BEGIN

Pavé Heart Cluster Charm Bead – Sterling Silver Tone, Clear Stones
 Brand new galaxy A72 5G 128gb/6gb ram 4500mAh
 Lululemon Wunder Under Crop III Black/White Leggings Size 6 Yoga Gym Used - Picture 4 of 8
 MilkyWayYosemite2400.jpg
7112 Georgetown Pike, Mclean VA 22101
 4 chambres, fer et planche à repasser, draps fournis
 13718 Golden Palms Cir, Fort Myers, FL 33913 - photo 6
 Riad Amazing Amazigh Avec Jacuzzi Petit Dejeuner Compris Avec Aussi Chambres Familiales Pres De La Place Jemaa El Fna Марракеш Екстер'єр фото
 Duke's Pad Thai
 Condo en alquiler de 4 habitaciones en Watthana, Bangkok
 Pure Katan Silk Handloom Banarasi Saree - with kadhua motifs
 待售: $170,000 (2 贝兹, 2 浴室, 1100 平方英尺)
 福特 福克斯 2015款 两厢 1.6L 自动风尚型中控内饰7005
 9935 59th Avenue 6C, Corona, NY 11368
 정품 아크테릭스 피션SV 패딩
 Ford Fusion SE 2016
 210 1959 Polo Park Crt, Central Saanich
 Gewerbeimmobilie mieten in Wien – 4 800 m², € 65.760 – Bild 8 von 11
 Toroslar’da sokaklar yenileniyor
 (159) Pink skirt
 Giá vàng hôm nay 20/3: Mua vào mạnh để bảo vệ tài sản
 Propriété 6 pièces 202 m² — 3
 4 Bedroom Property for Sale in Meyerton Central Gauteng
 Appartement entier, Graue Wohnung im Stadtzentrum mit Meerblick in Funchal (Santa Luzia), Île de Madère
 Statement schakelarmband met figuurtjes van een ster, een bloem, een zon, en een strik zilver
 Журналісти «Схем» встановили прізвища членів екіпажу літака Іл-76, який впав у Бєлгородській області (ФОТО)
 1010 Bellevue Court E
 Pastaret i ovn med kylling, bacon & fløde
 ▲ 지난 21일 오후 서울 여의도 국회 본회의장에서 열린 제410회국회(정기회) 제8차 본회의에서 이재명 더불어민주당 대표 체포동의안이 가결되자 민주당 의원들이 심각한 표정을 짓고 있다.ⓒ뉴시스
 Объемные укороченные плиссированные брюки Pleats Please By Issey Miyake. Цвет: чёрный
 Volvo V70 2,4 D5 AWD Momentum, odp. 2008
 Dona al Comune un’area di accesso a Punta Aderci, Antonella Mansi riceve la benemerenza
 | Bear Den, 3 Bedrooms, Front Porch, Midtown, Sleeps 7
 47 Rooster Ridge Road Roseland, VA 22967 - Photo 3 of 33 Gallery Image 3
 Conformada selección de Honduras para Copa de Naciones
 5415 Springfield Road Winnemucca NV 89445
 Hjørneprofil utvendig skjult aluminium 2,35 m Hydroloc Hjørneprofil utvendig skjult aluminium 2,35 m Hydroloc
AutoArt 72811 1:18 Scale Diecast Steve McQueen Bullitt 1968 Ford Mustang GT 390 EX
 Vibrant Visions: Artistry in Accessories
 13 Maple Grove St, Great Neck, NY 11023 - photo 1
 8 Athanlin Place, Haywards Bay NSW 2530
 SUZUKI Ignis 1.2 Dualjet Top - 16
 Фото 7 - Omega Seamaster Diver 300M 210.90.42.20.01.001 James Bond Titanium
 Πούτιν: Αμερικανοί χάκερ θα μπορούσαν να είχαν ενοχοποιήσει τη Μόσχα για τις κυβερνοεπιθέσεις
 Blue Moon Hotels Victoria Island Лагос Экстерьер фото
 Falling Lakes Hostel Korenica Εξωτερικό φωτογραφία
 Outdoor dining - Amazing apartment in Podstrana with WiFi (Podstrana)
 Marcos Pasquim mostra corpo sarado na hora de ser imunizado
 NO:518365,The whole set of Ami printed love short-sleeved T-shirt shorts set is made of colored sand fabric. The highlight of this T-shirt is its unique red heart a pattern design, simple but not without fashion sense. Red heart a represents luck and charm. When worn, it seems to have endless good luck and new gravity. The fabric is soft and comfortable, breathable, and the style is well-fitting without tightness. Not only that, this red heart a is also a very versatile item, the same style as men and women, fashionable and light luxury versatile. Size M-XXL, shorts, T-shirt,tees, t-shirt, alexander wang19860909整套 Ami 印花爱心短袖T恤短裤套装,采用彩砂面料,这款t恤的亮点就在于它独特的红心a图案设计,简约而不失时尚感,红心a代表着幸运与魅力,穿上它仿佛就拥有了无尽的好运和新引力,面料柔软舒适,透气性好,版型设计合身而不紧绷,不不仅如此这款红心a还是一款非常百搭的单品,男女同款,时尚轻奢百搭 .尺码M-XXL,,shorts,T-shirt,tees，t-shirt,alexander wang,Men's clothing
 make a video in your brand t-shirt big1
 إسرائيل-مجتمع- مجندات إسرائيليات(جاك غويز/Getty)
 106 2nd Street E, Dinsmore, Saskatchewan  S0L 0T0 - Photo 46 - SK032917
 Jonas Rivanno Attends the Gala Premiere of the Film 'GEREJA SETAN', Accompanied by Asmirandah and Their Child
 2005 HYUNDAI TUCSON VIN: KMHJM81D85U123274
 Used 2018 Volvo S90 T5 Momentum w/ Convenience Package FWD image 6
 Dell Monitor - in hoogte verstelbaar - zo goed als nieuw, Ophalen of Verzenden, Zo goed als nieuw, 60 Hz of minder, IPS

END

* **Problem statement**:
In the entries above, please find the line with "47 Rooster Ridge" and the line with "AutoArt 72811 1:18", then write out exactly those two lines and every line between them, and nothing more.

* **Solution below**:
 47 Rooster Ridge Road Roseland, VA 22967 - Photo 3 of 33 Gallery Image 3
 Conformada selección de Honduras para Copa de Naciones
 5415 Springfield Road Winnemucca NV 89445
 Hjørneprofil utvendig skjult aluminium 2,35 m Hydroloc Hjørneprofil utvendig skjult aluminium 2,35 m Hydroloc
AutoArt 72811 1:18 Scale Diecast Steve McQueen Bullitt 1968 Ford Mustang GT 390 EX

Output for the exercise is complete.